• Data records:
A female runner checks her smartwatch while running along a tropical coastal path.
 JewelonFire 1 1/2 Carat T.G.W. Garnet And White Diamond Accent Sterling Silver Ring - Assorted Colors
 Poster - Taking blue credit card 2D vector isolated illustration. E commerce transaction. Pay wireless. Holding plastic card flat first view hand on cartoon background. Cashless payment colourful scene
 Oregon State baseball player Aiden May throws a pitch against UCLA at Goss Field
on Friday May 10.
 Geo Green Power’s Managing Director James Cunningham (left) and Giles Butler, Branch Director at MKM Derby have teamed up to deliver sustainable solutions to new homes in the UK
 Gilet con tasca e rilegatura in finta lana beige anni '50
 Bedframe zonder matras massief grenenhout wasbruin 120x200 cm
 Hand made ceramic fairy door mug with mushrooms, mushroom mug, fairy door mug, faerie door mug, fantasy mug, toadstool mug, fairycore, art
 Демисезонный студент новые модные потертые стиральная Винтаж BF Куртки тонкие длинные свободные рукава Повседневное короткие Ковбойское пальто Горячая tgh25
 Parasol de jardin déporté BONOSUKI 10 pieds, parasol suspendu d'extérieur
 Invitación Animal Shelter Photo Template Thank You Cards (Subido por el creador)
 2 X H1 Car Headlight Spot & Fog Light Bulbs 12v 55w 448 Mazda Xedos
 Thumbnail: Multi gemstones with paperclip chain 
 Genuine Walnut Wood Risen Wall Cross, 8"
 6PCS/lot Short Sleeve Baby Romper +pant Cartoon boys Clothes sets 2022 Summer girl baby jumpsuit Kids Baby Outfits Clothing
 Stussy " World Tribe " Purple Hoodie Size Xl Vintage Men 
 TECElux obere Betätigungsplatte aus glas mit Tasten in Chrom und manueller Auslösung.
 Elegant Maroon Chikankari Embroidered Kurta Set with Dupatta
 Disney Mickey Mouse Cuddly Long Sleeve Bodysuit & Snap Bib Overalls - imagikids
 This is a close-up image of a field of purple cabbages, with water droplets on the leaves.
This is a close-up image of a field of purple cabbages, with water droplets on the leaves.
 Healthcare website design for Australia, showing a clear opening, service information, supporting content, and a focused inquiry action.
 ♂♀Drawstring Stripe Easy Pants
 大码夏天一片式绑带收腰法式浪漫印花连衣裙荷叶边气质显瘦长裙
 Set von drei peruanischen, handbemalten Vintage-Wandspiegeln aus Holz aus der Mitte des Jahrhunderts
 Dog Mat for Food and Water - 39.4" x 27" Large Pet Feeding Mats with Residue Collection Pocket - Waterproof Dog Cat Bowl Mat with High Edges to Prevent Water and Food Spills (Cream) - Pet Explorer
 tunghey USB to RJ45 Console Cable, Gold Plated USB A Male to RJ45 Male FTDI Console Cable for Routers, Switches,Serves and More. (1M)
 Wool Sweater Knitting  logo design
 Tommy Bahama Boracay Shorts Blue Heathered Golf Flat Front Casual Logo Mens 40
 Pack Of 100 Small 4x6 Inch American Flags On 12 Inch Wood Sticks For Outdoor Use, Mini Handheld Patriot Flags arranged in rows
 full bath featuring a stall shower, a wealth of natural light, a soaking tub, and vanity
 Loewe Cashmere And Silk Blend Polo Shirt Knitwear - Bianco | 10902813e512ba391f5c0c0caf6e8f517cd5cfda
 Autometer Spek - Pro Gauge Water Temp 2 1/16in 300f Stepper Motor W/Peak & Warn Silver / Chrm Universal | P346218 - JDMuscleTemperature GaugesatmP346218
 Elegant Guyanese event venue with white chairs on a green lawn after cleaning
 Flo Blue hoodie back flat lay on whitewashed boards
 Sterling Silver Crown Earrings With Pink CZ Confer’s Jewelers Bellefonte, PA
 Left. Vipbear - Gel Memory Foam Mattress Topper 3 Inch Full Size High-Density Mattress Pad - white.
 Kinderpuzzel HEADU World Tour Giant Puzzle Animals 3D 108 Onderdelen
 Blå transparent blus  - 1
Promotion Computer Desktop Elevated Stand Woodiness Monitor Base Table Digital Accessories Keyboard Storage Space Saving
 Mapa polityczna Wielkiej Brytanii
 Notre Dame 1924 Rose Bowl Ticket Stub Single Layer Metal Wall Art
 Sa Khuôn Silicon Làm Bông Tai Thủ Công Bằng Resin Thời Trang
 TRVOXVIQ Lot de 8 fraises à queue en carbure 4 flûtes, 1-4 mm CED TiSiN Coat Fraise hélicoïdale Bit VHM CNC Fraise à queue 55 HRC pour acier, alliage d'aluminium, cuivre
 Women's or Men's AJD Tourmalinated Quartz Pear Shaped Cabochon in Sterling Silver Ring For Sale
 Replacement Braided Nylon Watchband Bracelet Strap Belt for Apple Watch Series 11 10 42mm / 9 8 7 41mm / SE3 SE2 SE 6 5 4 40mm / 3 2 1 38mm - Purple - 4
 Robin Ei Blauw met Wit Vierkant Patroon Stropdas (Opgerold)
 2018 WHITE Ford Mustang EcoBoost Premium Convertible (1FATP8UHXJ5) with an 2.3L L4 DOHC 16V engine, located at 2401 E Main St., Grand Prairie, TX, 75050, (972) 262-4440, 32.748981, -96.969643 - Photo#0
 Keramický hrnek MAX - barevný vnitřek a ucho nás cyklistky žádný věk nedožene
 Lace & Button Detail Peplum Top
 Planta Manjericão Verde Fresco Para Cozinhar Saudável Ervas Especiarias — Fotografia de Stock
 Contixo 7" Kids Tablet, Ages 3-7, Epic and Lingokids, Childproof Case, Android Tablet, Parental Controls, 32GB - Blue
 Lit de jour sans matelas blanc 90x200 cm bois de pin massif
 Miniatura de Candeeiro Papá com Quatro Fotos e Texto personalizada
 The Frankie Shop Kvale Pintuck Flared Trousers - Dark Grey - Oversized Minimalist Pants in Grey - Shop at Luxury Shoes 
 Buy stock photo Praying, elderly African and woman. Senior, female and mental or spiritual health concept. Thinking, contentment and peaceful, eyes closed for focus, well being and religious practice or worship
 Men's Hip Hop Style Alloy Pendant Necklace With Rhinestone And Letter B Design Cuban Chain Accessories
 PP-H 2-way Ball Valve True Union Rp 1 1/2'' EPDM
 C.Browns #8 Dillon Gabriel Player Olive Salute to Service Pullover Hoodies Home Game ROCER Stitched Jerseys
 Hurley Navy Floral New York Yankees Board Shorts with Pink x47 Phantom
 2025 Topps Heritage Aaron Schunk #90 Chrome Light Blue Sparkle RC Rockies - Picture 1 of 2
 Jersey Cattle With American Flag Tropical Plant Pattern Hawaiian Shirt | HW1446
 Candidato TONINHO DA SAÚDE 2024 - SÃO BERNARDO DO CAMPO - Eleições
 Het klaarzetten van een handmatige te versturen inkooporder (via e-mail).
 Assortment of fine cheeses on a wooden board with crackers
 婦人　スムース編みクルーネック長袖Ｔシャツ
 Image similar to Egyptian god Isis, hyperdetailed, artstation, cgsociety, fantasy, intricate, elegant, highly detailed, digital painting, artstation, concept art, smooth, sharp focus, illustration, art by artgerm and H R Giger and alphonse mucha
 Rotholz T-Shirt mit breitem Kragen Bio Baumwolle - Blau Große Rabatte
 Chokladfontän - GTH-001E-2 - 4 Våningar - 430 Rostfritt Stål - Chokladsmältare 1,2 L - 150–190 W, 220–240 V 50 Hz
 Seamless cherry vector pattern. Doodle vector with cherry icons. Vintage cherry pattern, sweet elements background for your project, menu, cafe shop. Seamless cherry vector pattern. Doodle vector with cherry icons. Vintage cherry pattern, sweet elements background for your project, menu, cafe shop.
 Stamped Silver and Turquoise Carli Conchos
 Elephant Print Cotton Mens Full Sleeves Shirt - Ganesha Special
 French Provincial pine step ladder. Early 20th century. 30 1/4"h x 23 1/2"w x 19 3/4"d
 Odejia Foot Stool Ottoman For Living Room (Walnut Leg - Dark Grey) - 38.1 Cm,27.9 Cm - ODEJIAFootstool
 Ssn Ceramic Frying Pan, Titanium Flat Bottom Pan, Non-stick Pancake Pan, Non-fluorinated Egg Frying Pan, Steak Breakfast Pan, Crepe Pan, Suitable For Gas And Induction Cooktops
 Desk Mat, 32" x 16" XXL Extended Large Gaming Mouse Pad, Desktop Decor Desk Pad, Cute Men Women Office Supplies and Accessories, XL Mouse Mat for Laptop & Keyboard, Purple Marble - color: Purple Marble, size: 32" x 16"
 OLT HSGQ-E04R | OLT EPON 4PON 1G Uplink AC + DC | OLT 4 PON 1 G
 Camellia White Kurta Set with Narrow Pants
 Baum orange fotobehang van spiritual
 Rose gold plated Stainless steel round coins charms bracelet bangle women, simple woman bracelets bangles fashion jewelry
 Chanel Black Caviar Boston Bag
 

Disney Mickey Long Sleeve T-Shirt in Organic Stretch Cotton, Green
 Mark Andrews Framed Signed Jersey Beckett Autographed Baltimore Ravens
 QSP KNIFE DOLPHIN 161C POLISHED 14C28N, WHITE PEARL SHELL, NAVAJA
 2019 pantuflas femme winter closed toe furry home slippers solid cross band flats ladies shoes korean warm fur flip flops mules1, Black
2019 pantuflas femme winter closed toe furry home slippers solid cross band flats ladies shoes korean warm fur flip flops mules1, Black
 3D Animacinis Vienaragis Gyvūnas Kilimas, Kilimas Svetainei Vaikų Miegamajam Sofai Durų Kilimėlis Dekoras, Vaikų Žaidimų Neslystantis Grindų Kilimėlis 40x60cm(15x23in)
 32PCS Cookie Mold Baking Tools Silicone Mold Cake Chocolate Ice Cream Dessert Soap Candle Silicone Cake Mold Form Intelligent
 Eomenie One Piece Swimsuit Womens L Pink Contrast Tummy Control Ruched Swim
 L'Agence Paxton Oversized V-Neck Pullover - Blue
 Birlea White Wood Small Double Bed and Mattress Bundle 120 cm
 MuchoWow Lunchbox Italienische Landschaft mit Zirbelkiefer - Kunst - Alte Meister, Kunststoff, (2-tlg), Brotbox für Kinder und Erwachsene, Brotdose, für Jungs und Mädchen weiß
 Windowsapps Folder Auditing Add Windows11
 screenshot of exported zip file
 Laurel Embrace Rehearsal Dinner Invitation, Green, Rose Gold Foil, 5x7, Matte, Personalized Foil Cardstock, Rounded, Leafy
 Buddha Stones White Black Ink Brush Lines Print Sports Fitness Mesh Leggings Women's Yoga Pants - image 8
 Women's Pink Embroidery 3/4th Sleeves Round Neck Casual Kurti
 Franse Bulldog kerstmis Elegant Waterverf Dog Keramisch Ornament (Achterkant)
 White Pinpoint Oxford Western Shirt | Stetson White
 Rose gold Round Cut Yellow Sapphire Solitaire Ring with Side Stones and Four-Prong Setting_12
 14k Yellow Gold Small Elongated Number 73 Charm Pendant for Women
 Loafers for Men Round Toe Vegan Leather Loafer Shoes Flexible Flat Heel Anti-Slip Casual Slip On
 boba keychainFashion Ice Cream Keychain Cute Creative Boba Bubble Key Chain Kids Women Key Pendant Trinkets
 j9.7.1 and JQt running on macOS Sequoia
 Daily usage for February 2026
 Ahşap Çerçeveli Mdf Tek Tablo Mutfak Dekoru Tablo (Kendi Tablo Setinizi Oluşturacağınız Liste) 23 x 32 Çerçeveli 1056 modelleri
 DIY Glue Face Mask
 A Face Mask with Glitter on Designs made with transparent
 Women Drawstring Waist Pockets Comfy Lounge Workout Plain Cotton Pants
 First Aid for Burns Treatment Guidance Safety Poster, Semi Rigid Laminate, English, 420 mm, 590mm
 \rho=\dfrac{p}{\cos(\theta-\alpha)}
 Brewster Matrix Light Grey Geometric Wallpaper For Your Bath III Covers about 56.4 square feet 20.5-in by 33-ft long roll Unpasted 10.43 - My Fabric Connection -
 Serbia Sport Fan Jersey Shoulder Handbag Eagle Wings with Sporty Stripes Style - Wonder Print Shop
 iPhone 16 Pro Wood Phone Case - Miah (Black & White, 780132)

• What is expected: The line containing "A Face Mask" begins the span, and the last line of the records above ends it. Return that span exactly, and nothing outside it.

• Task solution:
 A Face Mask with Glitter on Designs made with transparent
 Women Drawstring Waist Pockets Comfy Lounge Workout Plain Cotton Pants
 First Aid for Burns Treatment Guidance Safety Poster, Semi Rigid Laminate, English, 420 mm, 590mm
 \rho=\dfrac{p}{\cos(\theta-\alpha)}
 Brewster Matrix Light Grey Geometric Wallpaper For Your Bath III Covers about 56.4 square feet 20.5-in by 33-ft long roll Unpasted 10.43 - My Fabric Connection -
 Serbia Sport Fan Jersey Shoulder Handbag Eagle Wings with Sporty Stripes Style - Wonder Print Shop
 iPhone 16 Pro Wood Phone Case - Miah (Black & White, 780132)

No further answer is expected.